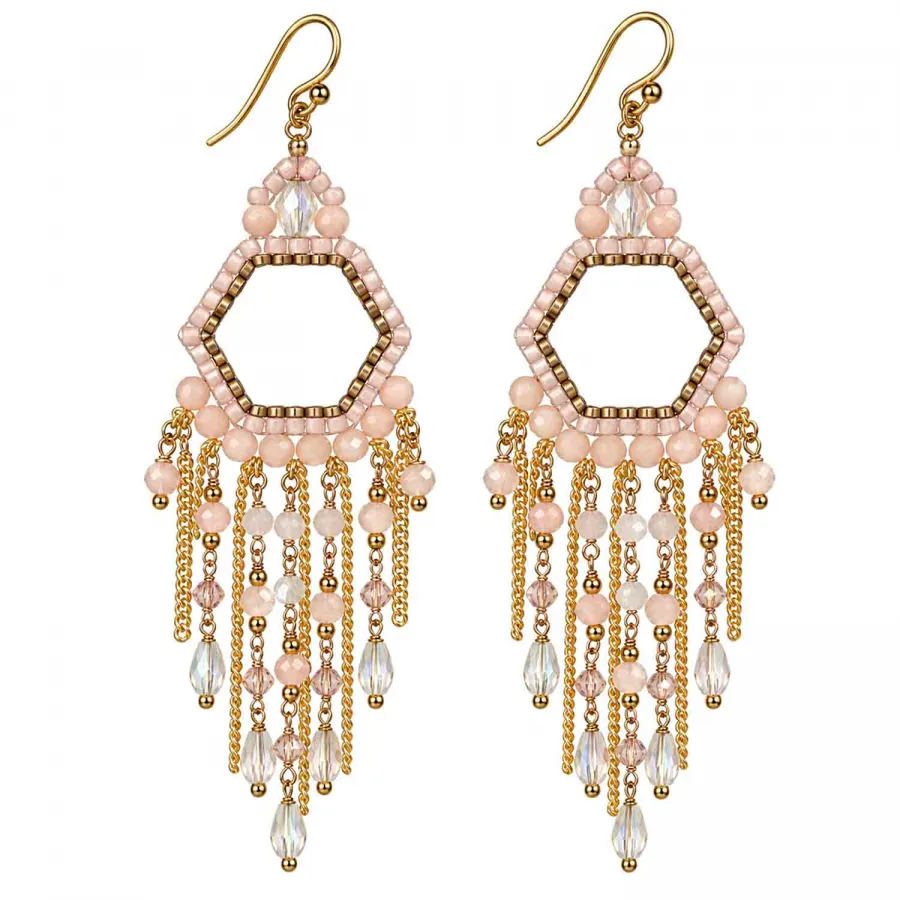 Boho Ohrhänger Lombok – Rosé-Crystal mit vergoldetem Edelstahl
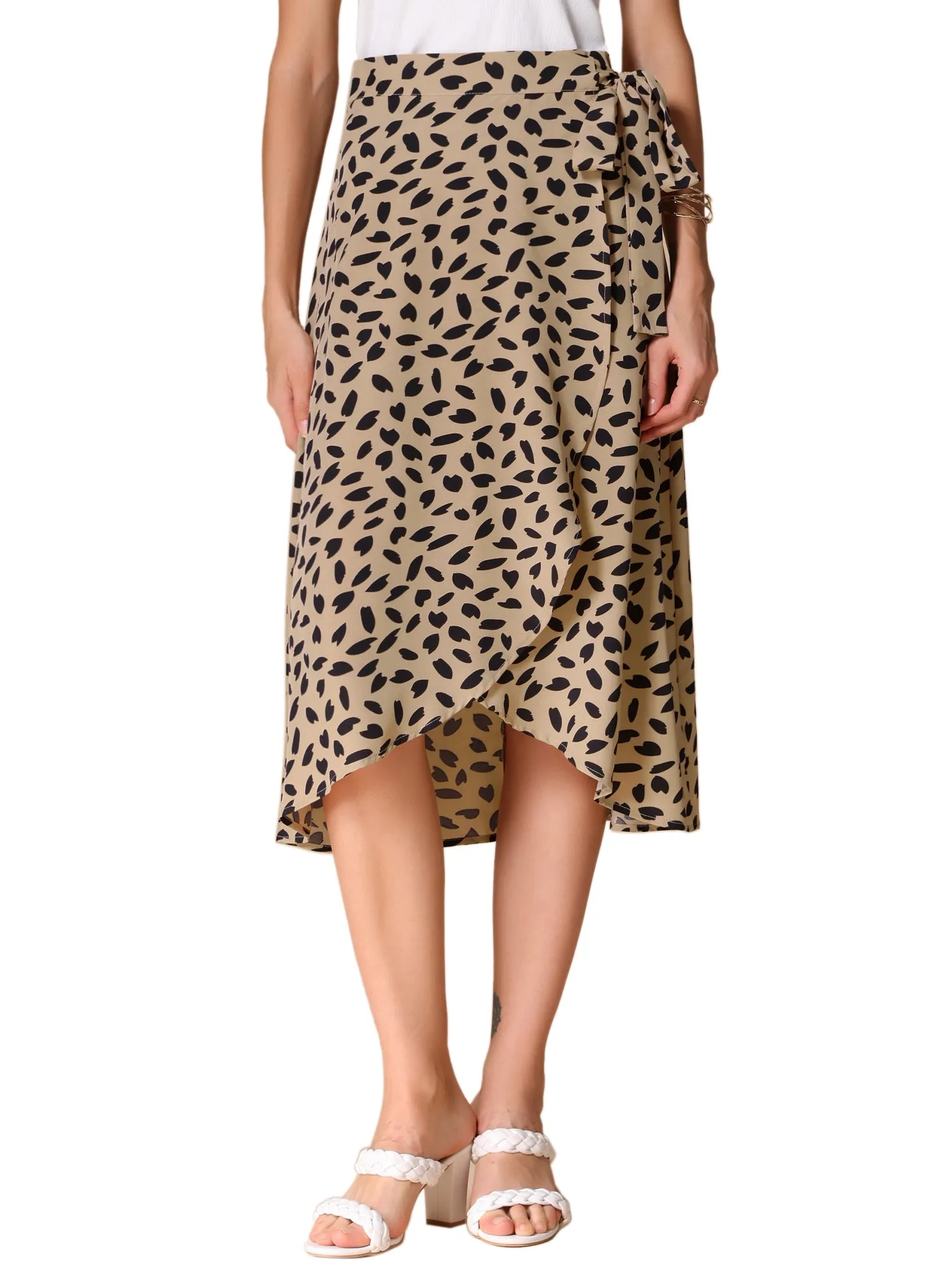 Printed Midi Tie Front Split Floral Wrap Skirts sold by Allegra K product image thumbnail 5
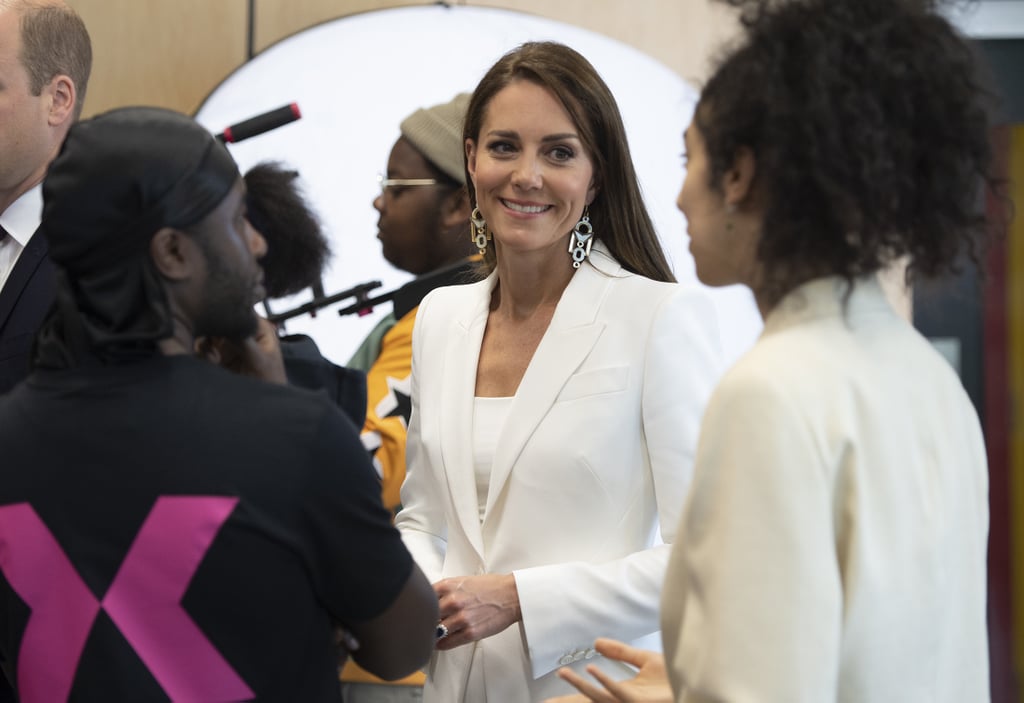 Kate Middleton's White Suit and Geometric Statement Earrings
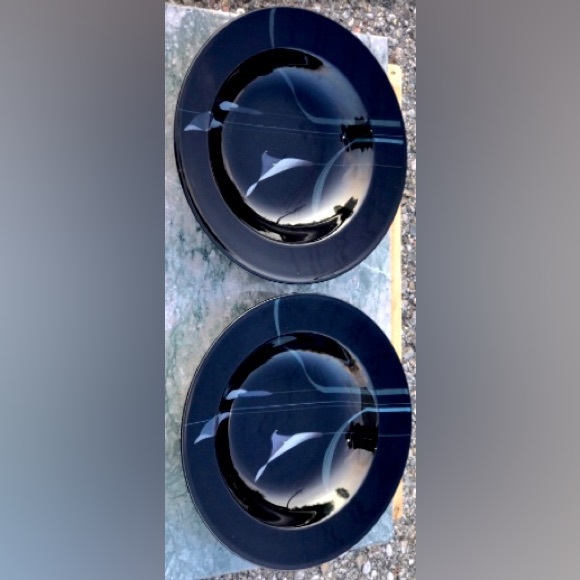 Vintage (set of 2) Discontinued Mikasa Galleria OPUS BLACK 9.5" Soup Salad Bowls - Picture 5 of 10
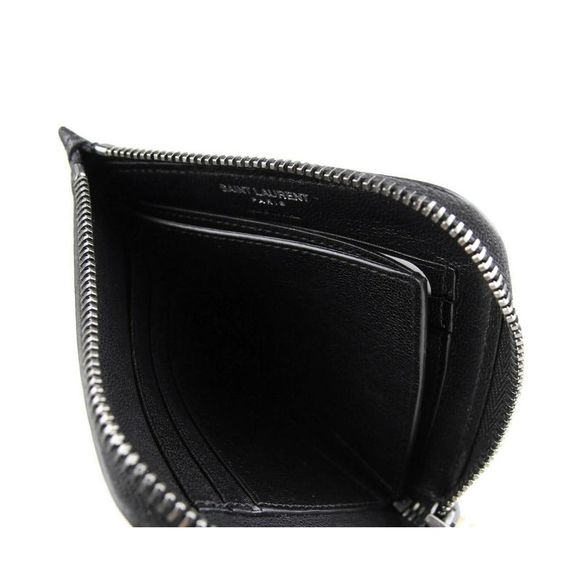 Saint Laurent Men's Black Leather Zip Around Wallet With Silver Stars 417797 - Picture 6 of 7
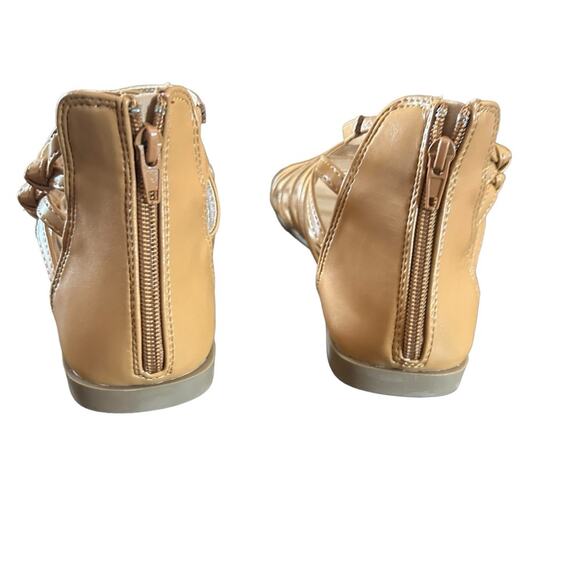 Journee Collection Petrra Gladiator Sandal Strappy Square Toe NEW Size 8 Tan - Picture 4 of 11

> _What is needed_:
Given the listing above, return exactly, and only, the lines from the line with "Saint Laurent Men's" through its final line, both included, with the pictures removed.

> _Exercise solution_:
 Saint Laurent Men's Black Leather Zip Around Wallet With Silver Stars 417797 - Picture 6 of 7
 Journee Collection Petrra Gladiator Sandal Strappy Square Toe NEW Size 8 Tan - Picture 4 of 11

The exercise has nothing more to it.